Dursun GÜNDOĞDU yazdı
Taksim Gezi Parkı’ndaki ağaçları kestirmek istemeyen halk ile polisin karşı karşıya geldiği ilk olay Perşembe sabahıydı…
Ben ve Antalyalı bazı gazeteci dostlar, IC Holding’in yapımını üstlendiği 3’ncü köprünün temel atma töreni için İstanbul’a gitmiştik.
Ertesi gün, sabah saatlerinde polisin Gezi Parkı’na baskın düzenlediğini öğrendik.
Eyleme destek vermek ve orada olma adına bir gazeteci dostumla beraber soluğu Taksim’de aldık.
Biz gittiğimizde öğle vaktiydi… O sıcağa rağmen, iki bine yakın insan vardı. Aralarına karıştık, konuşmaları dinledik.
Yaşı hayli ilerlemiş bir aktivist elinde mikrofon şöyle diyordu; “Bu ağaçları kesme emrini verenler, kesenler bir gün fani olduklarında, toprağa verildiklerinde tepelerinde bir ağaç gölgesi olmasını istemezler mi?”
Onlar orada, kah oturarak, kah slogan atarak eyleme destek verirken, polis ikinci eyleme hazırlanıyormuş meğer…
Gezi Parkı’nın içinde bulunan çay bahçesinde aralarında CHP’li milletvekillerinin de bulunduğu bir grupla karşılaştık. CHP her gün iki milletvekili nöbetçi bırakma kararı almış. Sabah saatlerindeki polis baskınını ve olası ikinci baskını konuşuyorlardı.
Hepimizin ‘Öyle bir geçer zaman ki’ dizisinden tanıdığı ‘balıkçı’ rolüyle gönüllerde taht kuran Orhan Alkaya ile karşılaştık. Alkaya, “Buraya AVM yapacak olanlar, yarın İstanbul Büyükşehir Belediyesi’ni CHP kazanırsa ne yapacaklar?.. CHP bunu dillendirmeli” dedi.
Öyle ya, CHP’nin ‘Yaparsanız, yıkarım’ diyeceği bir AVM’yi hangi girişimci üstlenirdi.

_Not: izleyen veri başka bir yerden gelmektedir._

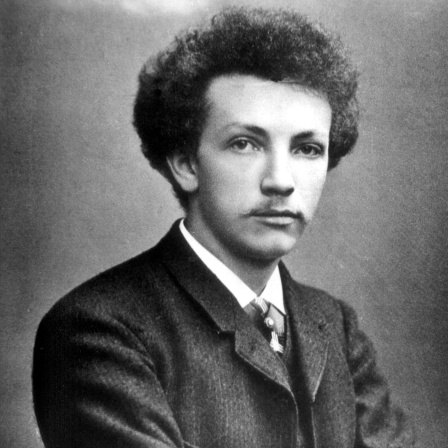 Komponisten und ihre Spur in Bayern – Richard Strauss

CHP böyle bir söylevde bulundu mu bilmiyorum ama fikir fena değil…
Sonra ayrıldık oradan… Uçağımıza yetişmek için havalimanına doğru yola koyulduk.
Sabah erken uyandım.
Ve, haber ajansının bültenine göz gezdirirken, bizim o gün bulunduğumuz alanın polis tarafından tarumar edildiğini okudum.
Gezi Parkı eylemcileri polisten yine sabaha karşı 05’de ikinci gazlı baskını yemişlerdi. Bu kez tazyikli su destekli baskının fotoğrafları düştü ekranıma…
Taksim savaş alanına dönmüştü…
Başbakanın, ‘Yıkarım’ diye diretmesinin sonucuydu bu…
Yaralananlar vardı.
Eylemcilerin çadırları darmadağın edilmişti.
Cemaatin yemek için uğraştığı, savcının makamında gözaltına aldığı eski cumhuriyet başsavcısı CHP’li vekil İlhan Cihaner baskında oradaymış. Gazetecilerle konuşurken ağlıyordu. Cemaatin ağlatamadığı başsavcıyı halkın uğradığı o baskın ve korumak istedikleri o ağaçlar ağlatmıştı.
Başbakanın umurunda değildi 3-5 bin kişinin eylem yapması…
“Benim arkamda yüzde 50 var” diye düşünüyordu muhtemelen.
Ama bu satırların yazarı, gazetecilik yaşamı boyunca ne iktidar sarhoşları gördü.
Geldikleri gibi tıpış tıpış gittiler.